■ GIVEN RECORDS:

·····

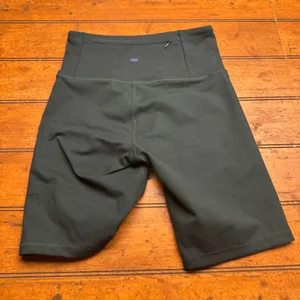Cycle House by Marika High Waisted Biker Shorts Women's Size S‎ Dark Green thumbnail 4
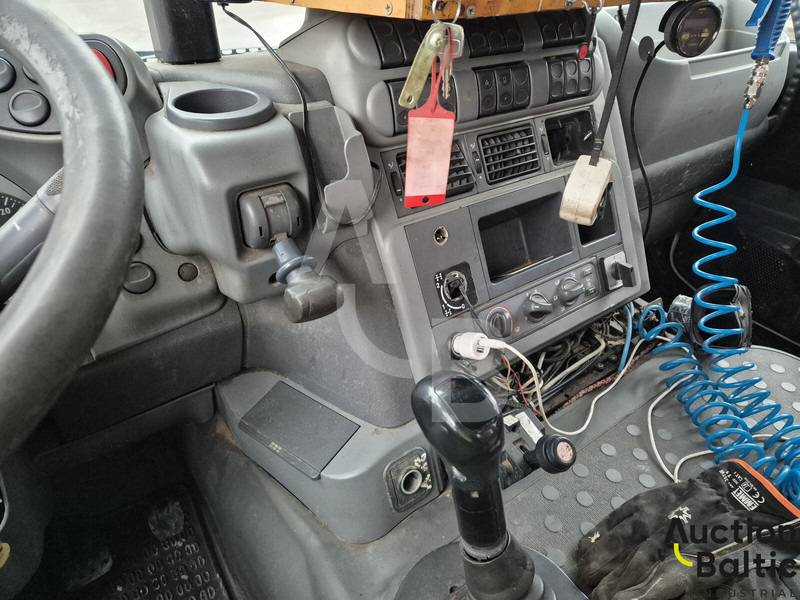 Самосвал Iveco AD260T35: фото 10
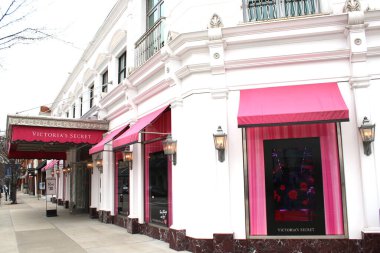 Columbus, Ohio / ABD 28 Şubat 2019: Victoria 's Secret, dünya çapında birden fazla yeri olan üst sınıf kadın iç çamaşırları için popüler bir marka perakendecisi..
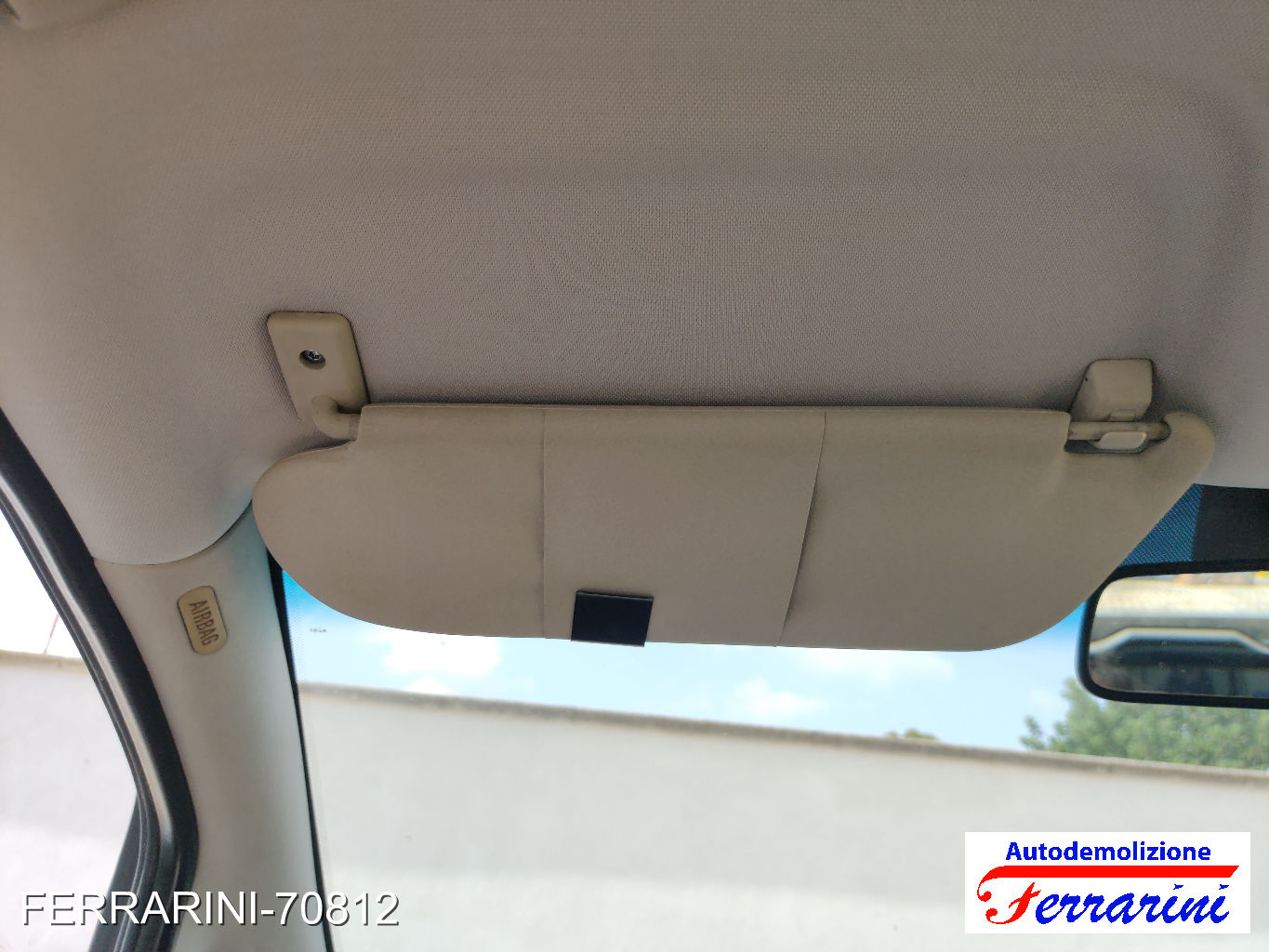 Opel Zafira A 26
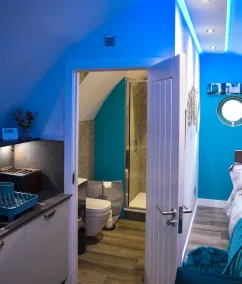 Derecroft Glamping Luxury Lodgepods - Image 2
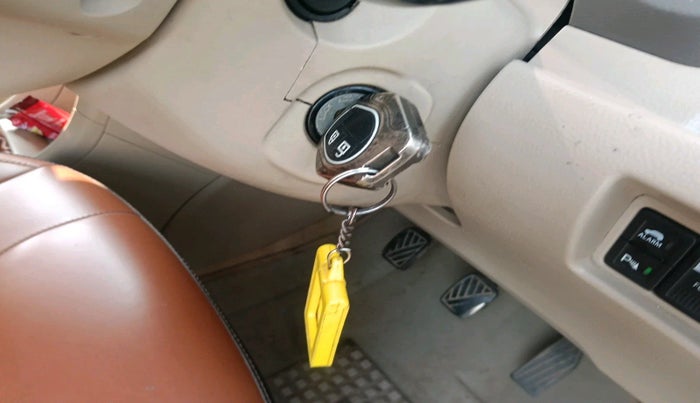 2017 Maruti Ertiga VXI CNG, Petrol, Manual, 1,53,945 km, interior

·····

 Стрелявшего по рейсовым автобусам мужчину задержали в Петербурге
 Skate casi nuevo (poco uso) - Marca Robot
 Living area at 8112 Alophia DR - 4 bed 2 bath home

·····

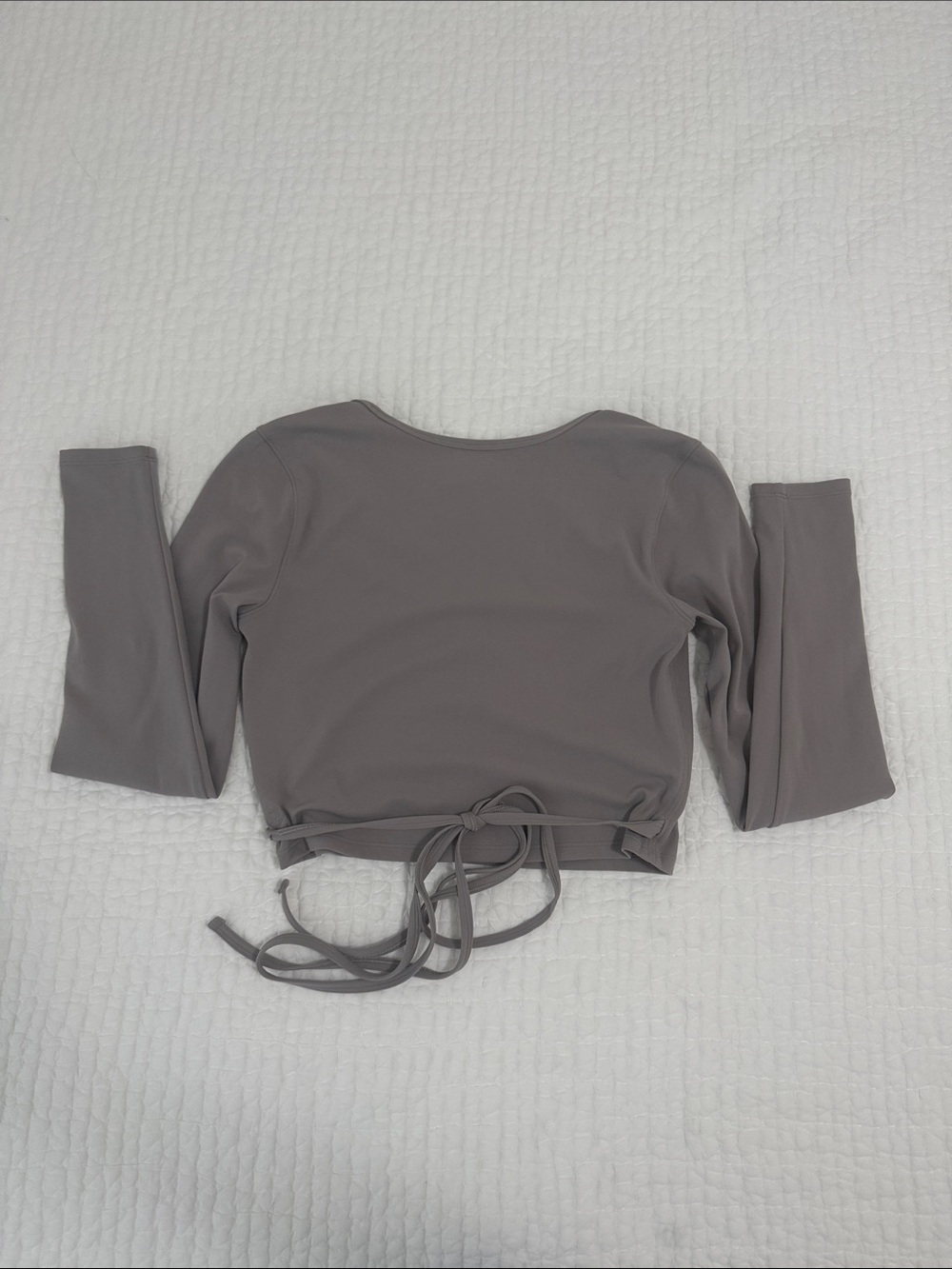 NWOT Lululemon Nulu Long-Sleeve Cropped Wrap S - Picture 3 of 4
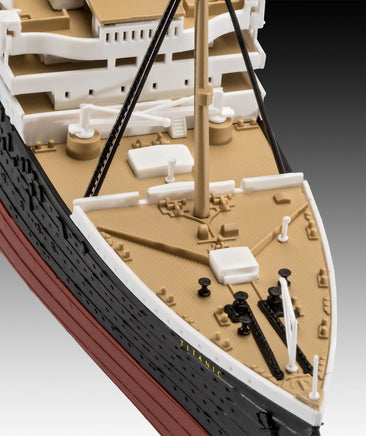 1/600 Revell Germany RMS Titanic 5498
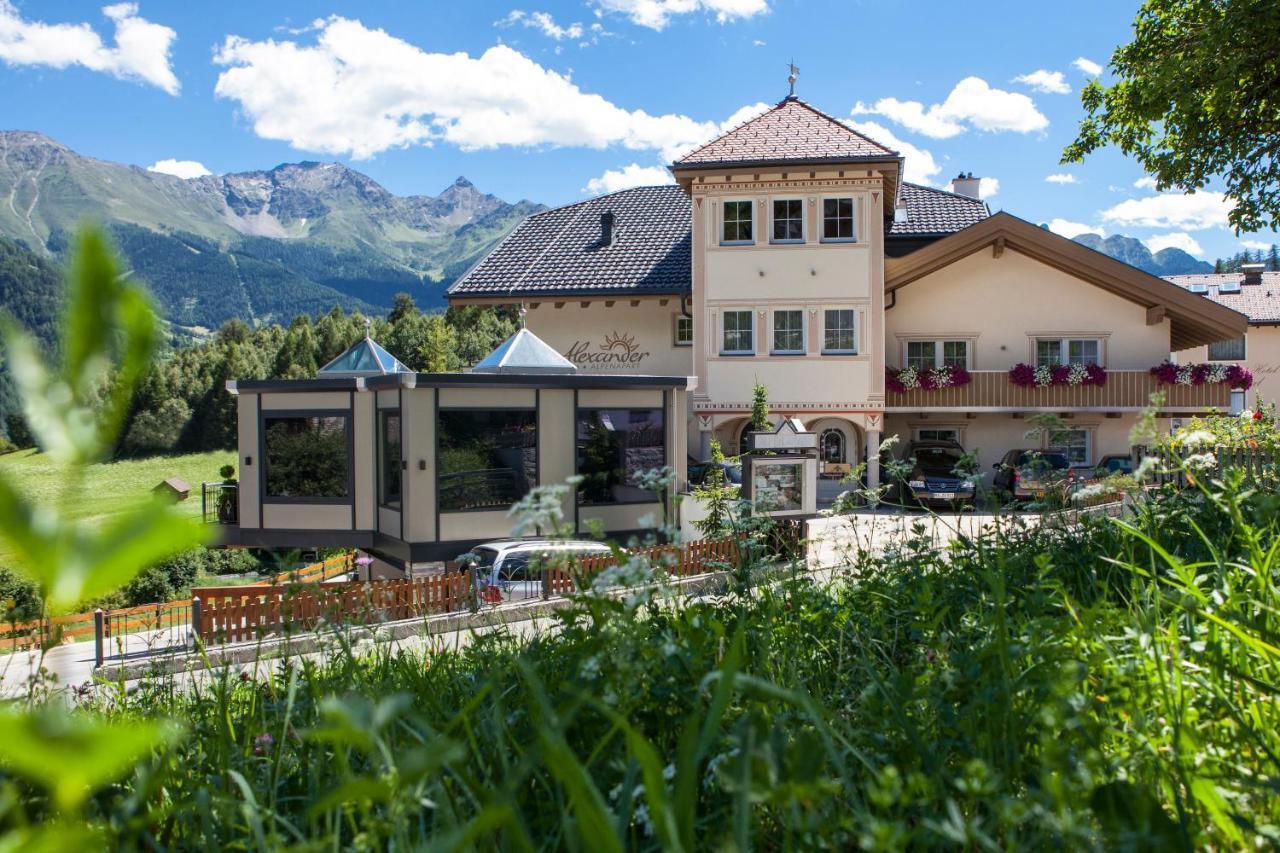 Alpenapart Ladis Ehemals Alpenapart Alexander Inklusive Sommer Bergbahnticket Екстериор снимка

·····

■ WHAT NEEDS TO BE DONE: Go back to the lines above and output, exactly as they stand, the ones from the line containing "Cycle House by" to the line containing "Columbus, Ohio /". Leave all pictures behind.

■ OUTPUT FOR THIS EXERCISE:
Cycle House by Marika High Waisted Biker Shorts Women's Size S‎ Dark Green thumbnail 4
 Самосвал Iveco AD260T35: фото 10
 Columbus, Ohio / ABD 28 Şubat 2019: Victoria 's Secret, dünya çapında birden fazla yeri olan üst sınıf kadın iç çamaşırları için popüler bir marka perakendecisi..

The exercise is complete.